My father told me he had been an altar boy in that church, and I was surprised because by then he was in his sixties and had always been an atheist as far as I knew. I later wandered around the church where some elderly ladies were refilling the vases with fresh flowers. I was amazed at the age of the church, the floor tiles of stone worn smooth and concave from all the foot-traffic. The alter was high and the wall behind it did not reach the ceiling. I heard what sounded like a choir of men doing what I know now to be Gregorian chants coming over the top of that wall and when I walked around behind the altar, what I saw made me almost faint. There were several monks sitting in ornately carved chairs with black robes and peaked hoods covering most of their faces. They had little books on their laps and they continued their chant. They never looked up or stopped when I walked in, and I just as quickly walked out. I was so stunned by the beautiful sound and the ominous look of those monks. I had never seen such costumes except for those white things worn by the KKK. I told my father what I had seen, asked him to come see, but he just blew me off, totally unimpressed. Bad memories for him, I guess.
Emilie
----- Original Message -----
From: Joseph Puentes
To: general@nuestrosranchos.org
Sent: Tuesday, December 26, 2006 11:54 AM
Subject: Re: [Nuestros Ranchos] My trip to Charco Hondo, Totatiche
That is a fabulous account. I love the "...see, feel, touch and smell. .
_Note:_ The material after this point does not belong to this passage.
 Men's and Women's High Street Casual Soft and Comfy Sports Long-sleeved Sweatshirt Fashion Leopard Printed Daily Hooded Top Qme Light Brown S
." part. Sometimes I look at pictures of the church in Santa Maria and
imagine my great grandfather (Jose Julio de Jesus Puente Varela) being
baptised there on the 15th of March in 1852. I can see him as an infant
and my 33 year old GGG grandfather, Josse Cecilio Puente Torres and my
GGG grandmother Dominga Varela Bañuelos there (well I think they were
there, maybe he was but maybe she wasn't?) imagine them there walking
into the church with their infant my gg grandfather along with the
padrinos (Teodoro Salazar and Refugio Diaz). Well you get the point and
I can hear exactly what you are saying with your experience. thanks for
sharing and thank you for being part of this group and all you do. You
are very appreciated.
joseph
ps: as far as touching that stone. Imagine the life of the person that
laid that stone. Wow that was a different life. Of course since it was
the cornerstone and had to be place precisely then maybe that person
would have been living a little better life than the ones that just
worked on the rest of the building.
===================
Joseph Puentes (Environment Podcast) (Latin American History)
http://H2Opodcast.com
http://NuestraFamiliaUnida.com
arturoramos wrote:
> I just arrived this morning from Los Angeles and finally have a moment to catch up on Nuestros Ranchos postings. I wanted to share a bit about my trip to Mexico this year. While I was down there for a wedding and therefore largely busy with family events, I did get some genealogy-related things done.
>
> Perhaps the most interesting was a visit to a rancho in Totatiche, Jalisco named Charco Hondo. The rancho was perhaps the first permanent Spanish settlement in the region as all of the towns including Totatiche and Temastian were indigenous (mostly Tepehuan) settlements. The 1770 census of the rancho shows a population of more than 300 inhabitants which means it was quite a vibrant place at the time.
>
> What drew me there was a mention in a book of a cornerstone in one of the old buildings on the rancho with an inscription describing the building as a school whose teacher was a certain Joseph Grano... who happens to be my ancestor 7 times over. I got to see and touch the stone with the date of August 1725... the building, made of stone is largely intact... the roof collapsed several decades ago and has been replaced but the walls and door are clearly the originals. There are many other ruins in the rancho, mostly adobe and therefore much more deteriorated. There are also the ruins of the original dam built on the rancho, also in the early 1700s. It was amazing too see, feel, touch and smell these lands of my ancestors.
>
> I will share photos in the following days.
>
> I also went to the Centro Universitario Norte of the Universidad de Guadalajara, which is located in Colotlan, Jalisco. It is a beautiful campus with a great bookstore of local microhistory, anthropology, etc. I bough several books which I will also inventory for the group in the coming days.